● What to work on
Line by line, retype the material exactly and leave each picture out.
....
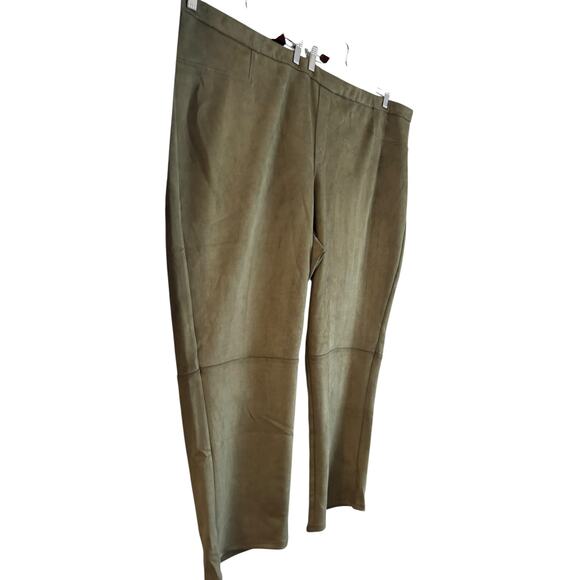 Isaac Mizrahi Live! Women’s Faux Suede Straight Ankle Pants Size 32W Olive - Picture 4 of 6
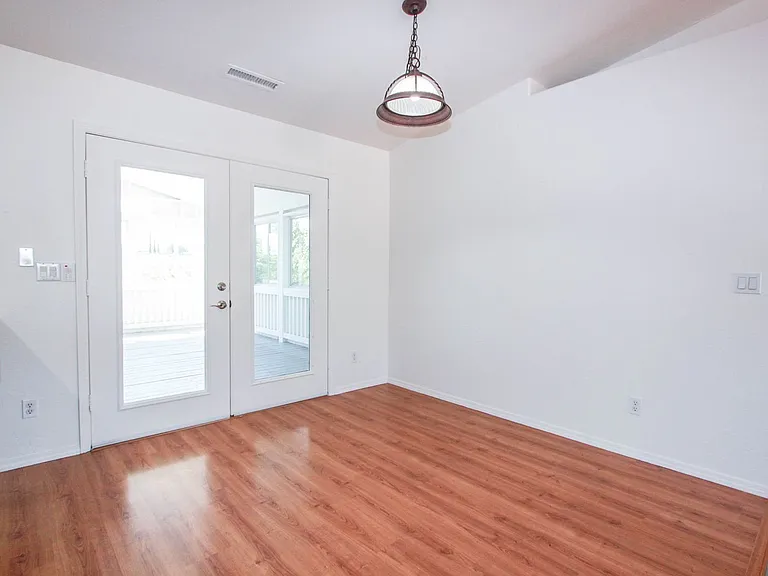 4266 N Saratoga Dr — Photo 5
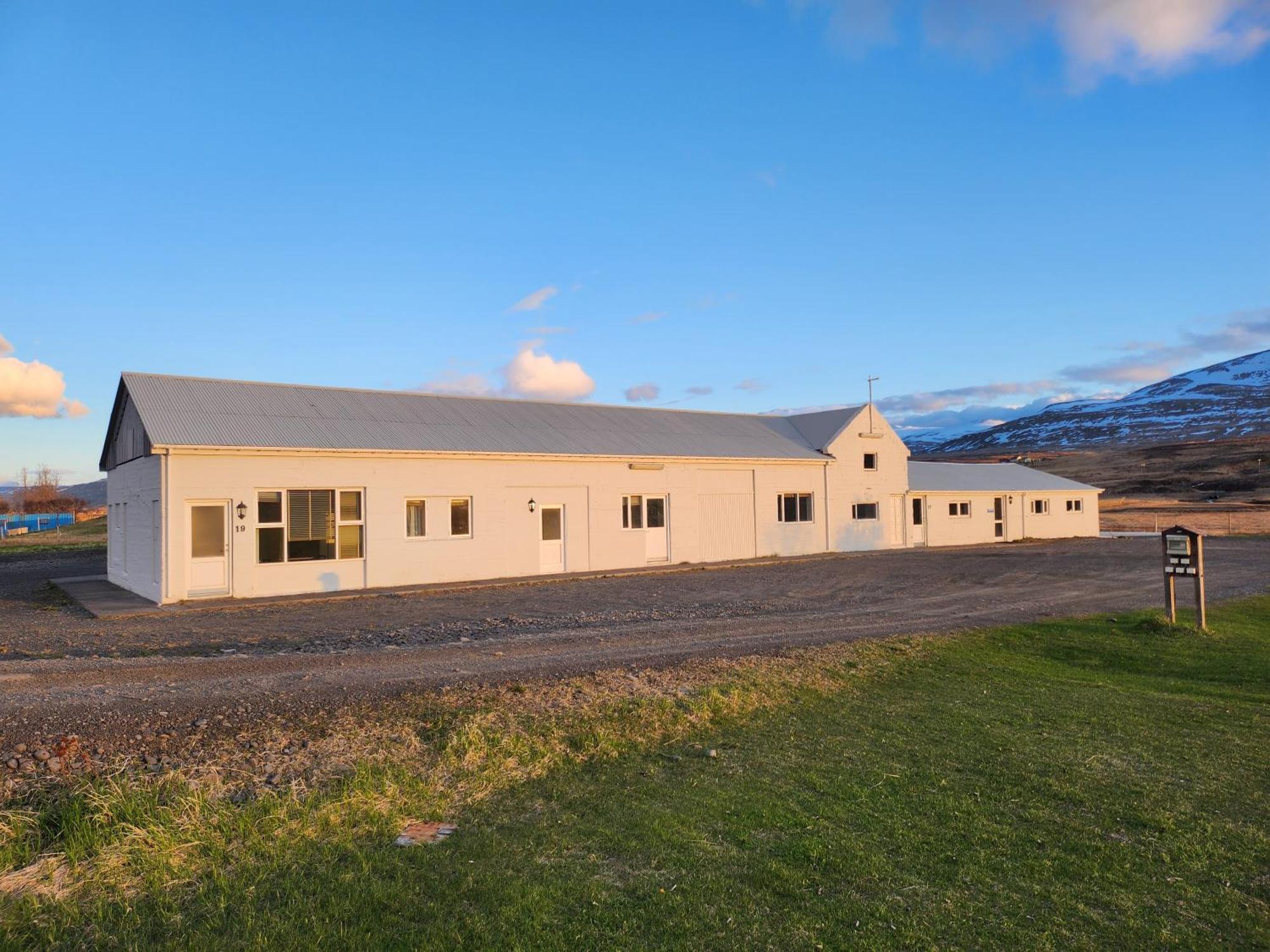 Fjos Guesthouse Varmahlíð Esterno foto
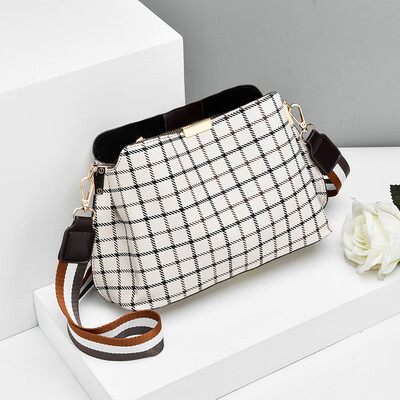 Little girl spring&summer trendy diamond-shaped single-shoulder bag with wide shoulder straps
Little girl spring&summer trendy diamond-shaped single-shoulder bag with wide shoulder straps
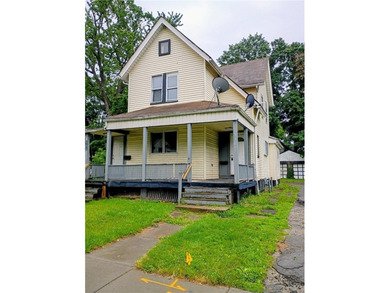 Attention investors and renovation enthusiasts! 331 Garson - photo 2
....
● Answer to the exercise
 Isaac Mizrahi Live! Women’s Faux Suede Straight Ankle Pants Size 32W Olive - Picture 4 of 6
 4266 N Saratoga Dr — Photo 5
 Fjos Guesthouse Varmahlíð Esterno foto
 Little girl spring&summer trendy diamond-shaped single-shoulder bag with wide shoulder straps
Little girl spring&summer trendy diamond-shaped single-shoulder bag with wide shoulder straps
 Attention investors and renovation enthusiasts! 331 Garson - photo 2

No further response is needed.